Dr. Huan-Chang (Ivor) Tseng, R&D Program Manager at CoreTech System (Moldex3D)
Fiber-reinforced thermoplastic (FRT) composites have been commercially available for reducing vehicle weight and improving fuel efficiency in the automotive and aerospace industries. They can be processed by fast, highly-automated methods such as compression molding and injection molding. The fibers and the resin are transported into the mold cavity. The anisotropic flows of fiber-reinforced melts depend significantly on fiber orientation states. For the practical compression-molded glass-mat thermoplastics (GMTs), it is important that the fiber-orientation-induced anisotropic flow is found in a circular disk squeezed and deformed into an elliptical shape (Fig. 1) . Typically, the injection-molded melt front of a neat resin is smooth and the continuous shape is maintained in the propagation of the free surface (Fig. 2) . Some peculiar, irregular filling patterns for short/long fiber-reinforced melts at high fiber concentrations are known to occur: the free surface advancing faster along the sidewalls of the cavity.
Fig. 1 A circular disk is squeezed and deformed along the 1-axial direction into an elliptical shape for the 1-axial uni-directional charge .
Fig. 2 Schematic of mold filling behavior for (A) neat resin; (B) FRT .

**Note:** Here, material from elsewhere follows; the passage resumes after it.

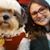Rachel Andrea Wallace's profile image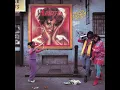 Freeway of Love (Extended Remix)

In the Purdue-Moldex3D research cooperation, the informed-isotropic (IISO) viscosity developed by Dr. Favaloro and Prof. Pipes (Composites Manufacturing and Simulation Center, Purdue University in the US) has been implemented in the Moldex3D simulation software. It is important to validate an anisotropic flow simulation for injection molding and compression molding in Moldex3D. More recently, it is significant that the details of the IISO model have disclosed in the US patents [3, 4] and published in the scientific journals [5, 6].
In Moldex3D’s simulation, the compression molding system wherein the initial orientation distribution of the charge is the X-axial uni-directional (Fig. 3). The material of interest was Polypropylene melt (200°C) filled with 25 volume percent long glass fibers (aspect ratio, L/D = 360). The final melt front is an obvious ellipse from the original circle charge (Fig. 4). In addition, the simulated melt front primarily exhibits a free surface advancing faster along the side walls in the injection molding simulations for the 50wt% short glass fiber (aspect ratio, L/D = 20)-reinforced Polyamide66 (Fig. 5).
Fig. 3 The Moldex3D compression molding simulation.
Fig. 4 The final melt front for the X-axial uni-directional charge .
Fig. 5 The simulated melt front of anisotropic flow in injection molding .
So far, simulating such a fiber-orientation-induced anisotropic flow has still been a challenge for state-of-art CFD software, indeed. Therefore, the ability of the IISO viscosity is critical to dominate the anisotropic flow. In the current Moldex3D version, the NEW fiber coupling function will be widely available for the industries of the injection and compression molding processes of fiber composites.